Until this Commission was established, ASIC and the relevant entities approached the fees for no service conduct as if it called, at most, for the entity to repay what it had taken, together with some compensation for the client not having had the use of the money. That is, the conduct was treated as if it was no more than a series of inadvertent slips brought about by some want of care in record keeping.
It is necessary to keep steadily in mind that entities took money (a lot of money) from their customers for nothing. The conduct was so widespread that seeing it as no more than careless must be challenged.
It is necessary to go behind the global characterisation of the conduct as charging ‘fees for no service’. The description is accurate but it is incomplete. In many cases, the advice licensee knew that the client would not receive any services in exchange for the ongoing fee. And there were cases where ongoing fees were charged when there could have been no possibility of providing the services for which the fees were charged.
The first kind of case, where the advice licensee knew that the client would not receive the relevant services includes, but would not be limited to, cases where the advice licensee’s records showed no adviser (or advice group) assigned to the client. It may also include cases where the advice licensee knew that the ‘linked’ adviser had so many clients that he or she could not possibly have provided ongoing advice to all, but it is more convenient to leave this kind of case aside at this point.
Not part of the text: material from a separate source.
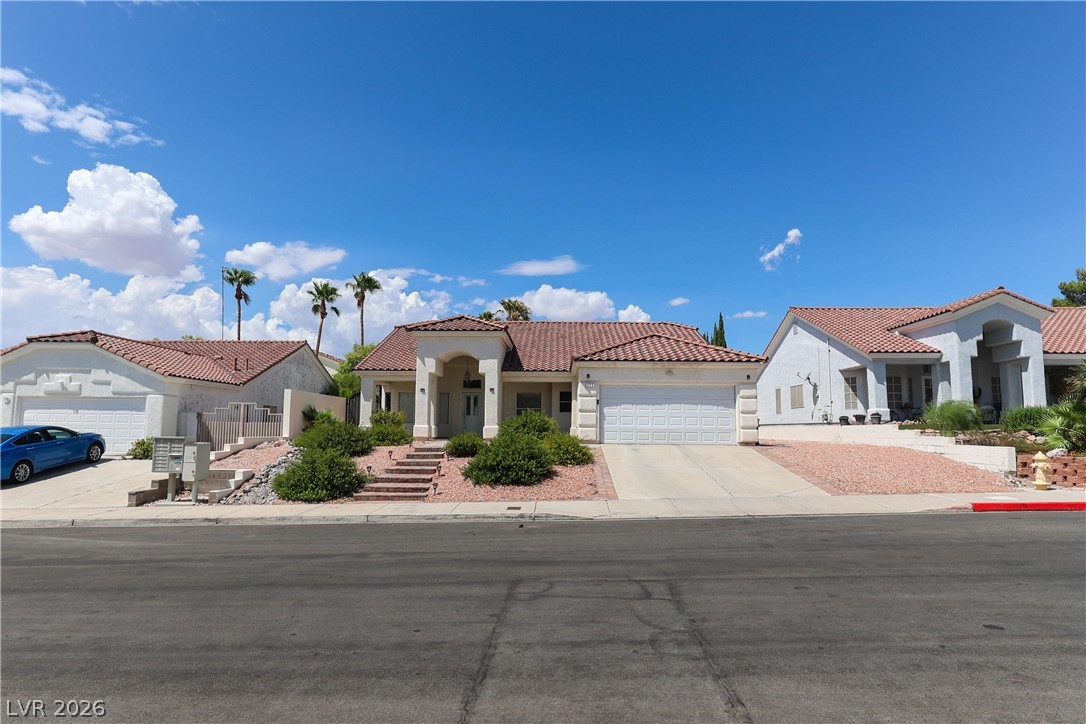 Photo 6 of 44, 796 Capri Drive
If the advice licensee’s records showed no ‘linked adviser’ the fee deducted from the client was taken by the advice licensee for its own use. Hence, the essential facts of the case can be described as:
- money was taken from clients;
- the money was taken as the fee for advice given or to be given to the client by an adviser;
- but no advice was given; and
- the advice licensee took the money for itself; it did not pay it to an adviser or return it to the client. (Or, putting the same point another way, the licensee retained for itself the difference between fees charged and fees remitted.)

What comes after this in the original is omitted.